Quando vejo as suas incursões na área da culinária só posso concluir que o João é mesmo um homem da Renascença.
Duas perguntas. A primeira, cavernícola, de quem não sabe cozinhar. O que é o "fumet" e como se prepara? A segunda é irónica. Com todos esses ingredientes (a garoupa dos Açores, o vinho Rothschild "Mouton Cadet Blanc" como condimento, etc.) o puré era de pacote ou ainda se conseguiu energia para fazer um genuíno? É que se for esta última hipótese, como penso, não é possível falar em cozinha do dia-a-dia ou será?
Caro PJ, espero que tenha entendido a referência ao vinho como puro gozo!
O fumet é o único ponto de qualidade em toda esta história. sempre que posso, ao fim de semana, preparo para o frigorífico um caldo de carne, um de aves e um de peixe, o tal "fumet". As receitas estão aqui, aqui e aqui.
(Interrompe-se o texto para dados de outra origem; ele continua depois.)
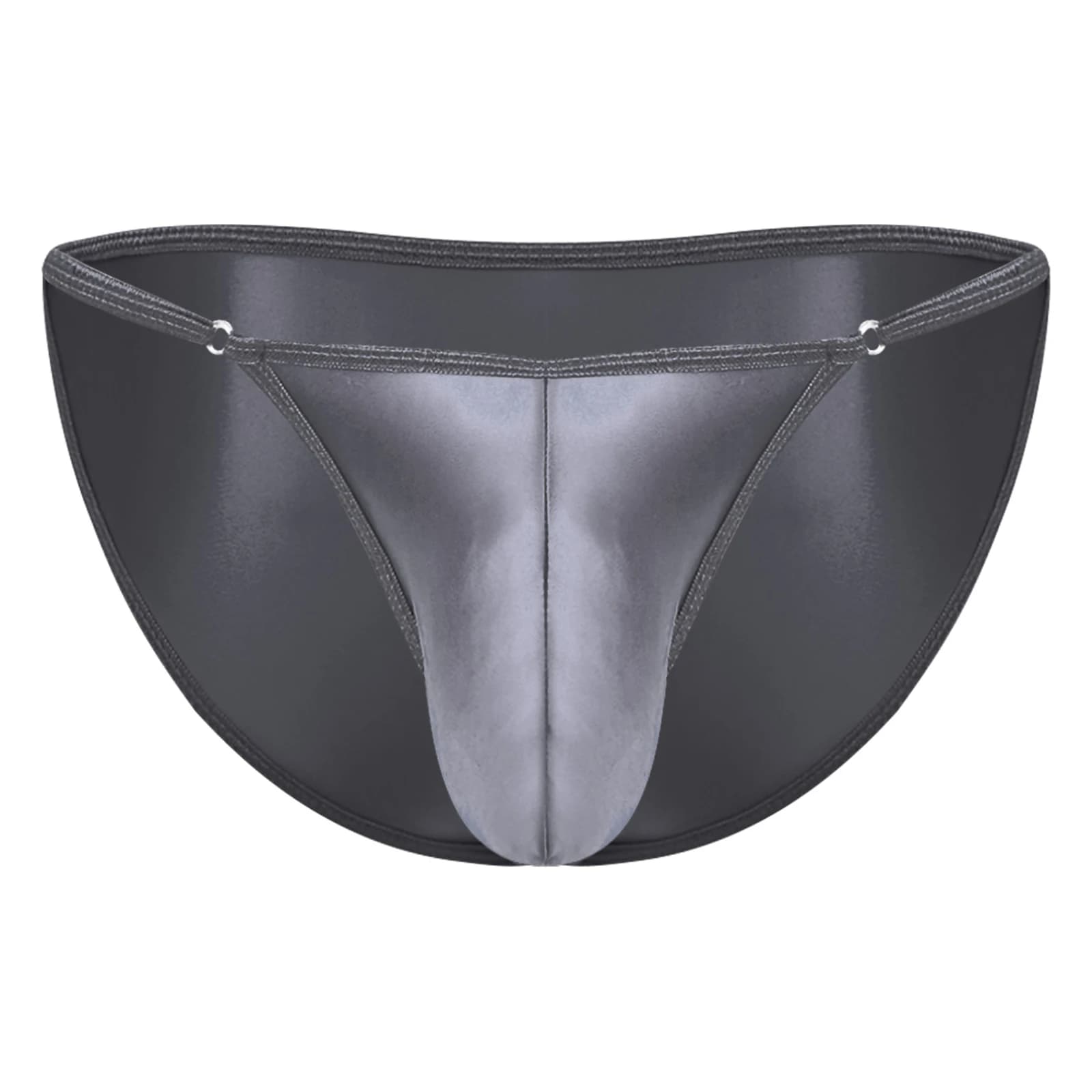 Slip da Uomo Regolabili in Vita, Lingerie Lucida Effetto Seta, Perizoma a Vita Bassa con Sacchetto Frontale, Ideali per Club e Spiaggia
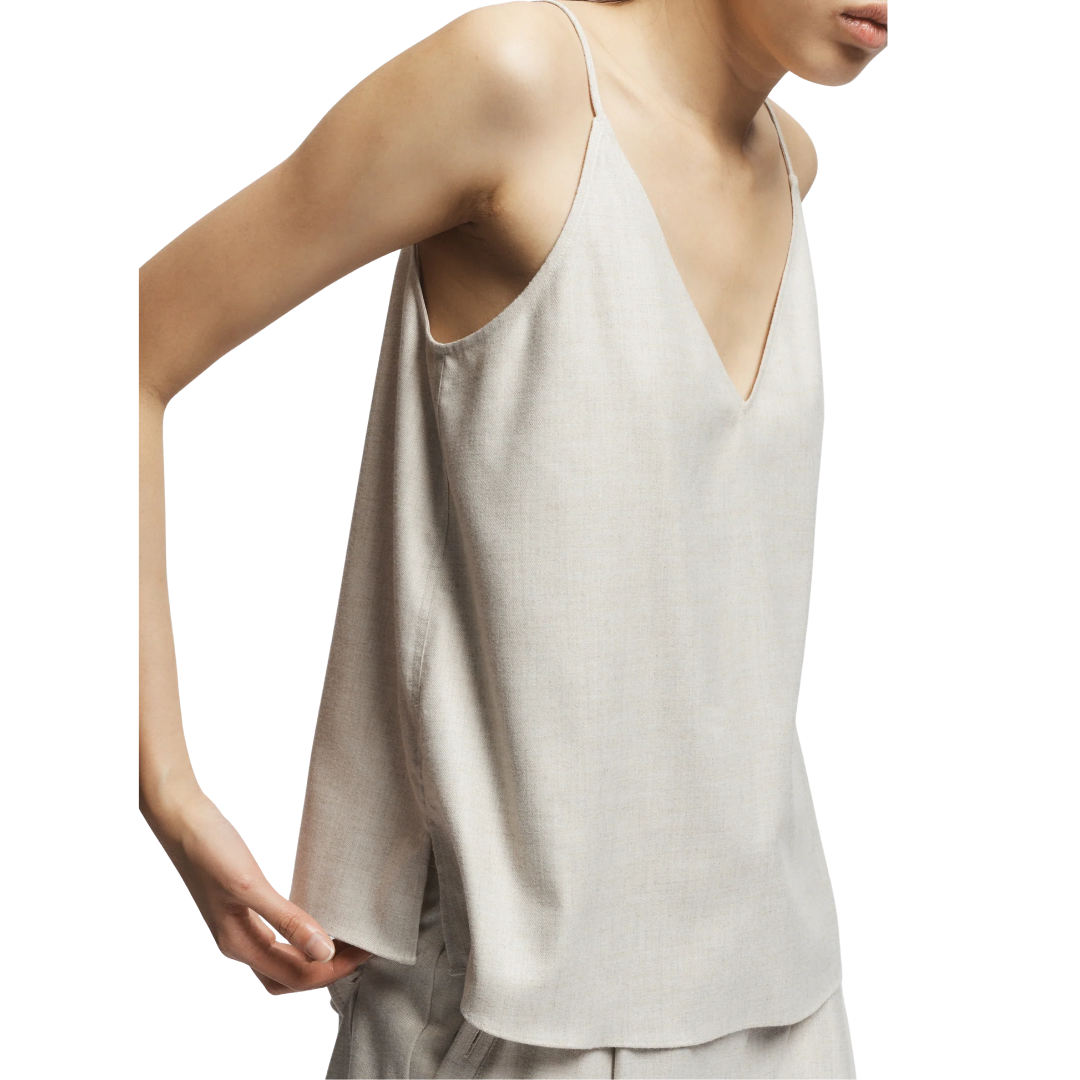 Keller V-Neck Swing Tank in Oatmeal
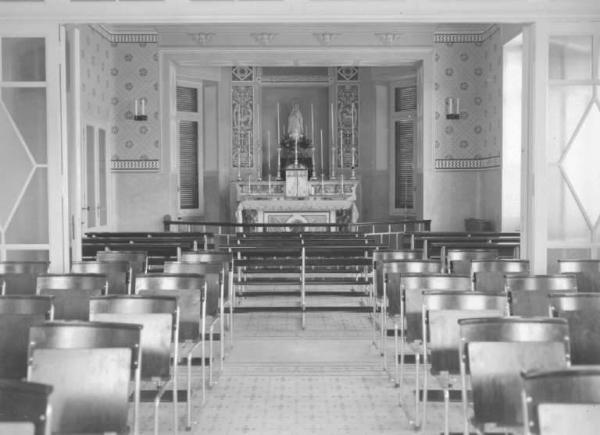 Borno - Località Croce di Salven - Sanatorio femminile - Interno - Cappella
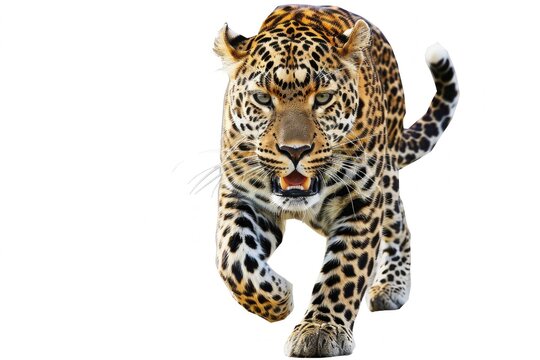 image of a leopard on a white background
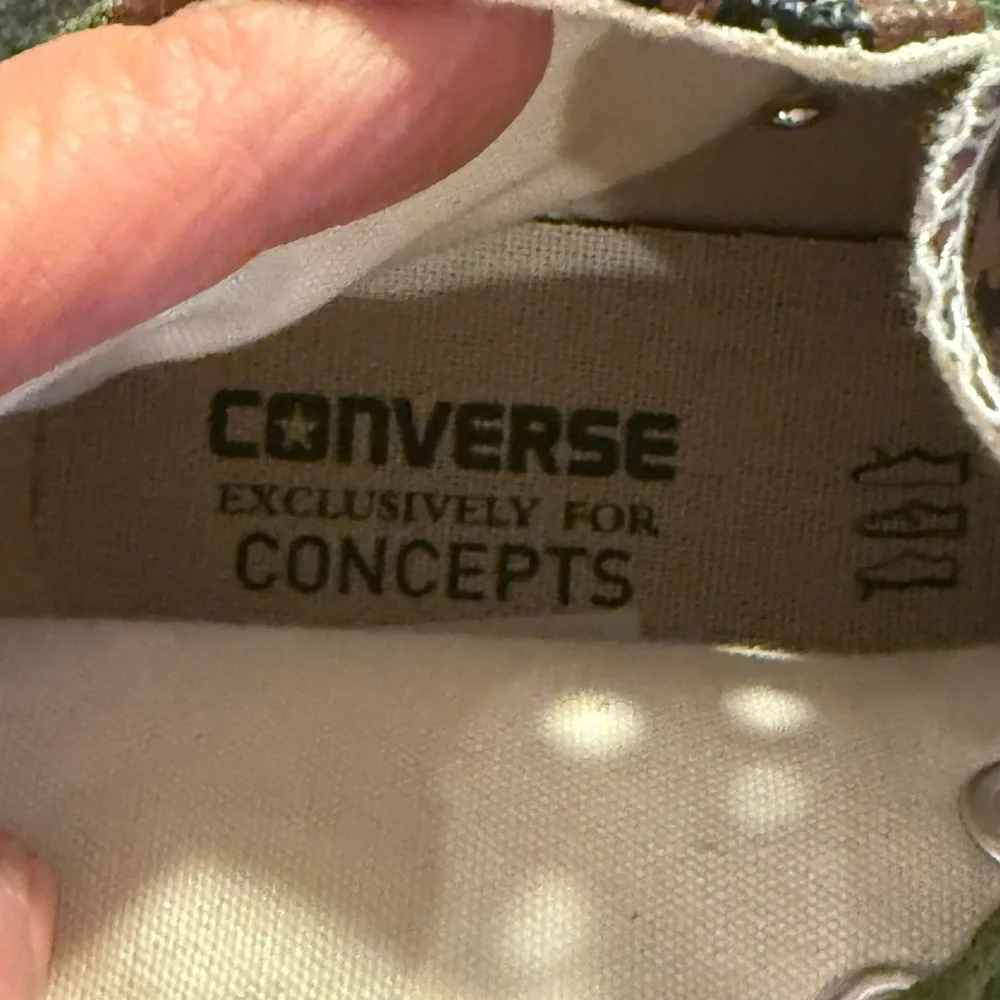 CONVERSE x CONCEPTS unisex CT 1970 HI ZAIRE LEOPARD CAMO SNEAKERS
Tem razão, esqueci-me do puré de batata. Bem feito, não é cozinha à la minuta e nem sempre o industrial é incomestível. Não uso o de flocos, mas sim o de blocos congelados, que levo primeiro a destazerem-se num pouco de leite e manteiga, no micro-ondas, ajustando depois a quantidade de leite e temperando com pimenta preta e noz moscada. O que uso é de linha branca do Pingo Doce, mas talvez haja outras marcas.
Muito bom, como sempre!
Agora, "exijo" essa da garoupa Recheada.